3. Deus não exige de nós nenhum culto; prestamos a nossa homenagem a Deus, entramos em contacto pleno com o Universo, quando desenvolvemos a nossa inteligência e o nosso Amor: um laboratório, uma biblioteca são templos de Deus; uma escola é um templo de Deus, e o mais belo de todos. Todos podemos ser sacerdotes, porque todos temos capacidades de Inteligência e de Amor; e praticamos o mais elevado dos cultos a Deus quando propagamos a cultura, o que significa o derrubamento de todas as barreiras que se opõem ao Espírito.
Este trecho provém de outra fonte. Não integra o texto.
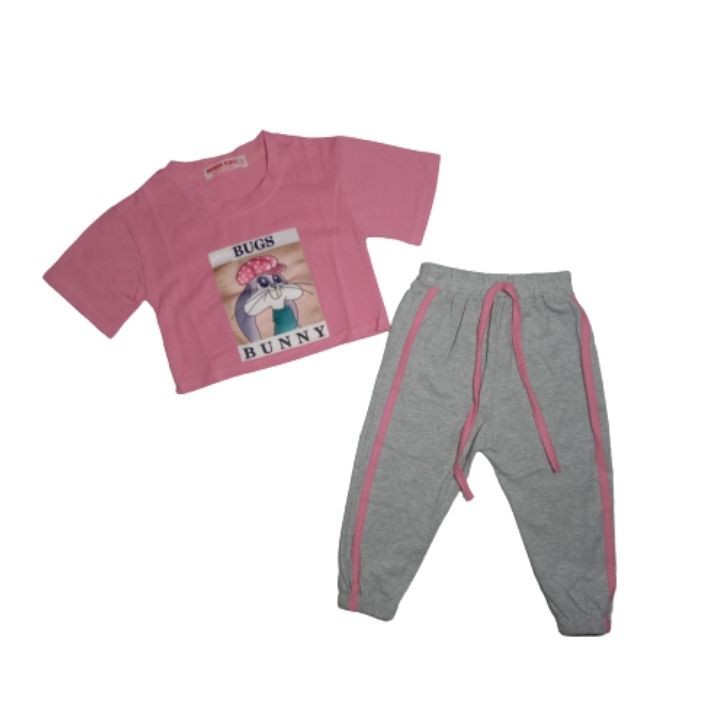 Set áo croptop quần jogger hình sóc- Barbie từ 10-40kg. Form thể thao croptop -Thun cotton -Tomchuakids.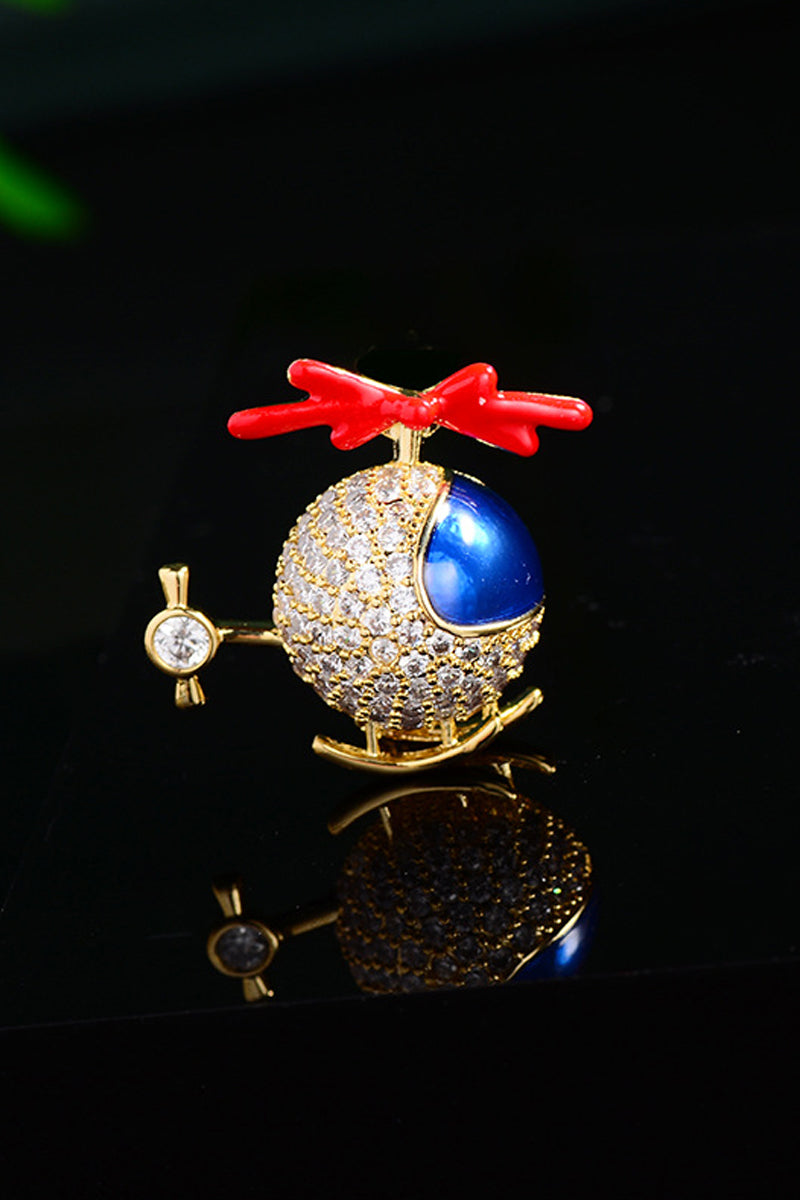 Boys Enamel Helicopter Brooch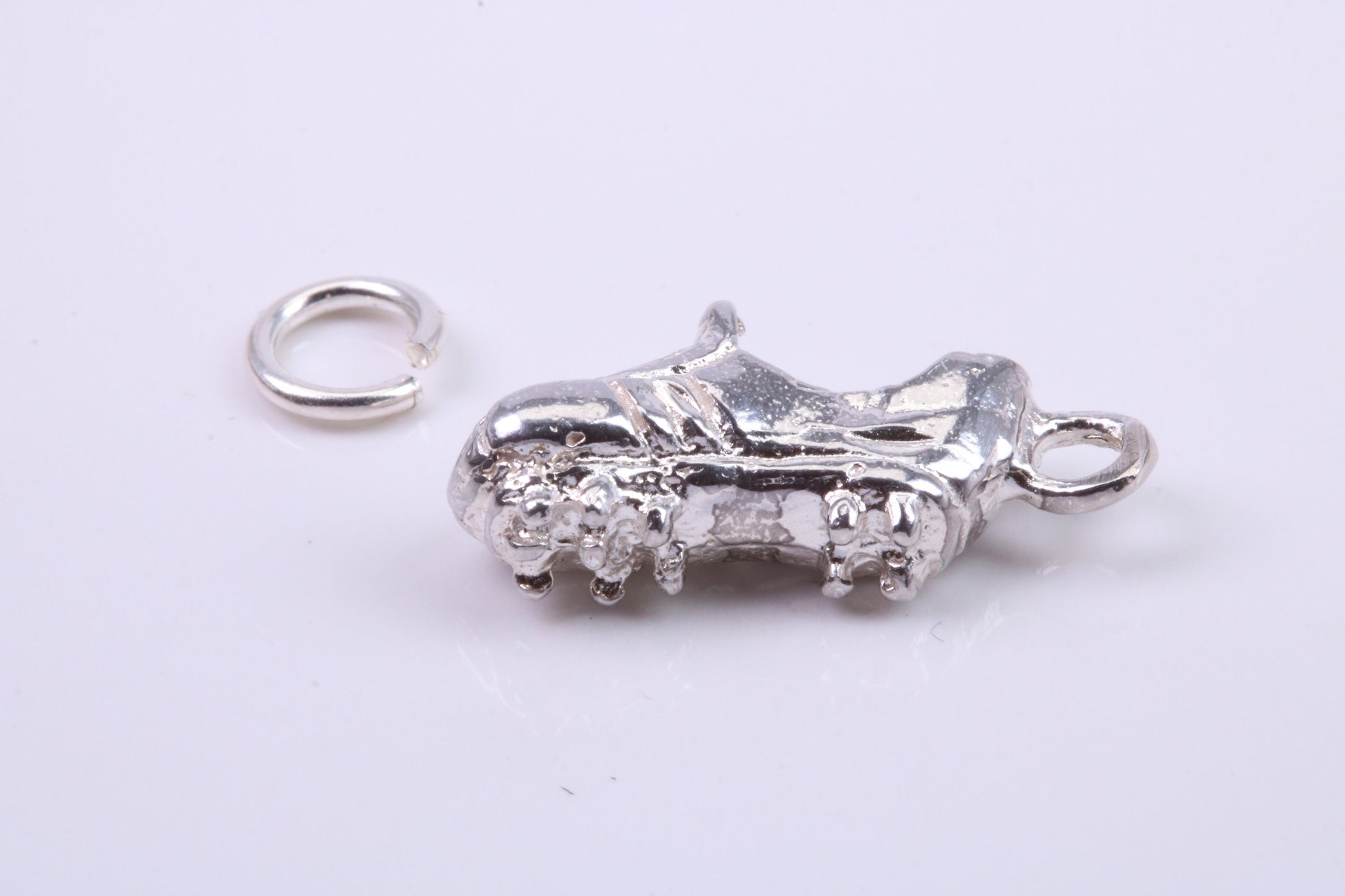 Football Boots Charm, Traditional Charm, Made from Solid 925 Grade Sterling Silver, Complete with Attachment Link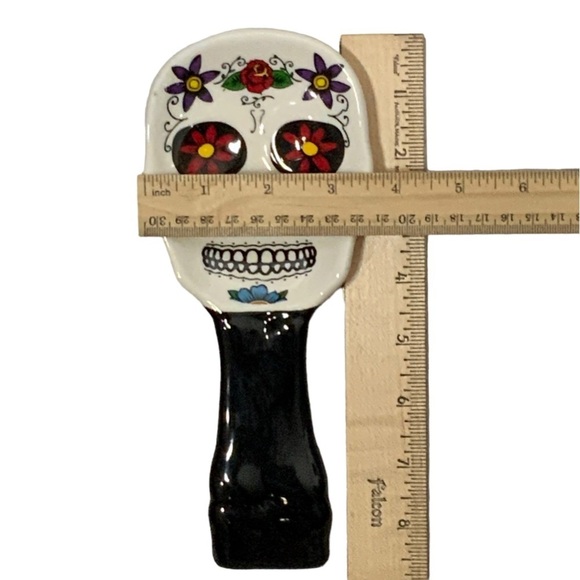 Sugar Skull Spoon Rest Ceramic Hand Painted Unique Day of the Dead White Black - Picture 5 of 16
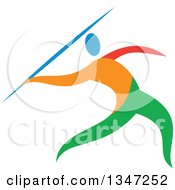 Poster, Art Print Of Colorful Track And Field Athlete Javelin Thrower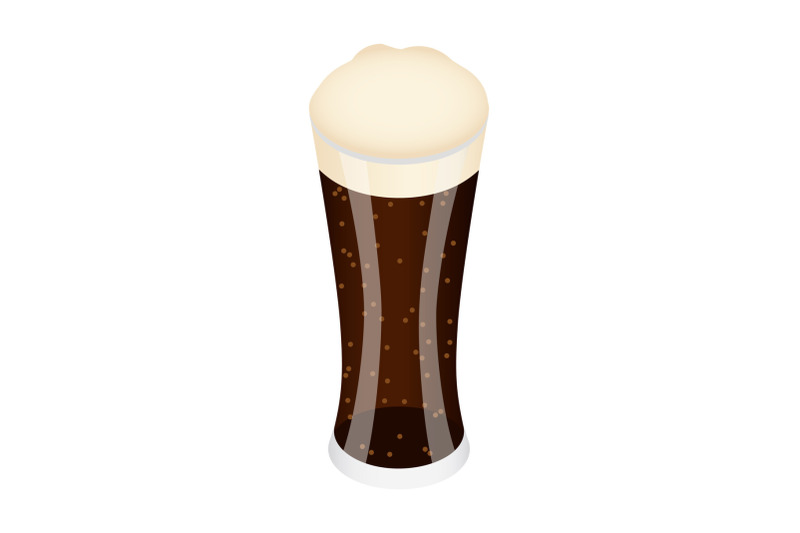 black-glass-of-beer-icon-isometric-style
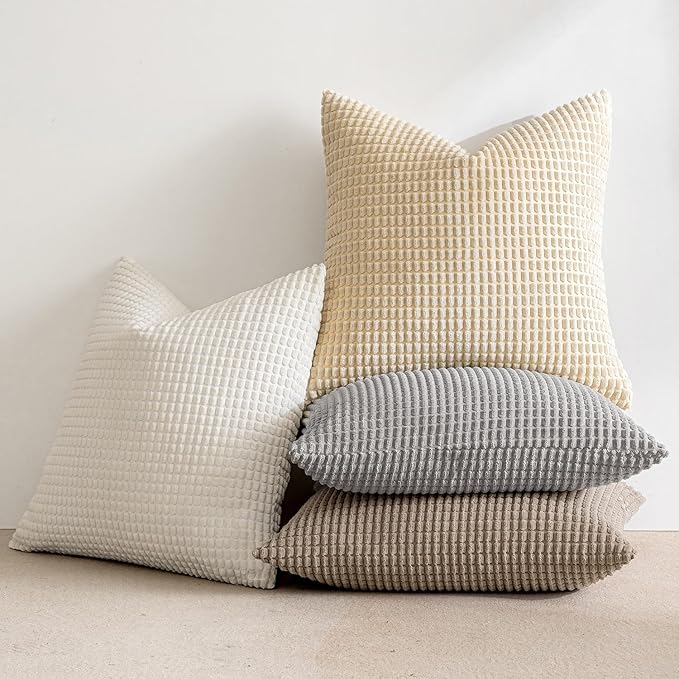 MIULEE Neutral Harmony Decorative Pillow Covers 20x20 Inch Set of 4 Rustic Farmhouse Boho Soft Throw Pillows Corduroy Couch Pillowcases Nordic Home Decor for Sofa Living Room Bed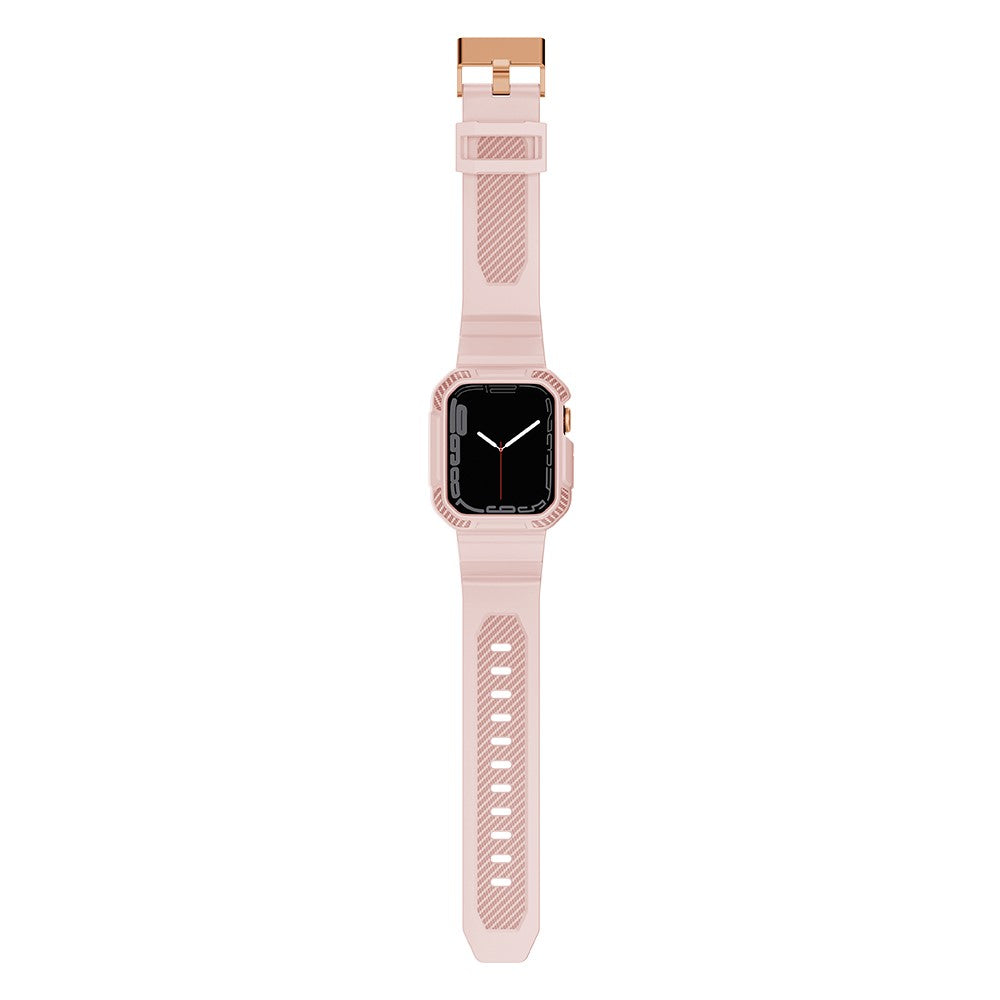 Apple Watch Series 7 45mm Silikone Cover med Rem - Pink#serie_1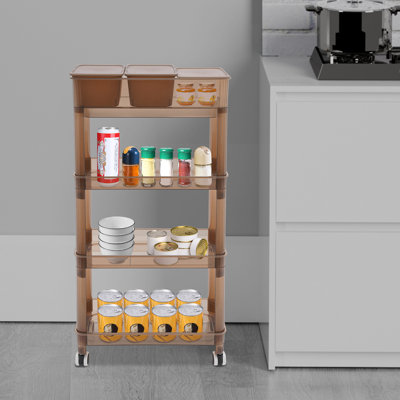Multifunctional 4 Tier Rolling Utility Cart Organizer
Estão ainda longe de Deus, de uma visão ampla de Deus, os que fazem consistir o seu culto em palavras e ritos; mas dos que subirem mais alto não pode haver outra atitude senão a de os ajudar a transpor o longo caminho que ainda têm adiante. Ninguém reprovará o seu irmão por ele ser o que é; mas com paciência e persistência, com inteligência e com amor, procurará levá-lo ao nível mais elevado.

4. Para que possa compreender Deus, para que possa, melhorando-se, melhorar também os outros, o homem precisa de ser livre; as liberdades essenciais são três: liberdade de cultura, liberdade de organização social, liberdade económica. Pela liberdade de cultura, o homem poderá desenvolver ao máximo o seu espírito crítico e criador; ninguém lhe fechará nenhum domínio; ninguém impedirá que transmita aos outros o que tiver aprendido ou pensado. Pela liberdade de organização social, o homem intervém no arranjo da sua vida em sociedade, administrando e guiando, em sistemas cada vez mais perfeitos à medida que a sua cultura se for alargando; para o bom governante, cada cidadão não é uma cabeça do rebanho; é como que o aluno de uma escola da humanidade: tem de se educar para o melhor dos regimes, através dos regimes possíveis. Pela liberdade económica, o homem assegura o necessário para que o seu espírito se liberte das preocupações materiais e possa dedicar-se ao que existe de mais belo e de mais amplo; nenhum homem deve ser explorado por outro homem; ninguém deve, pela posse dos meios de exploração e transporte, que permitem explorar, pôr em perigo a sua liberdade de Espírito ou a liberdade de Espírito dos outros. No Reino Divino, na organização humana mais perfeita, não haverá nenhuma restrição de cultura, nenhuma propriedade. A tudo isto se poderá chegar gradualmente e pelo esforço fraterno de todos."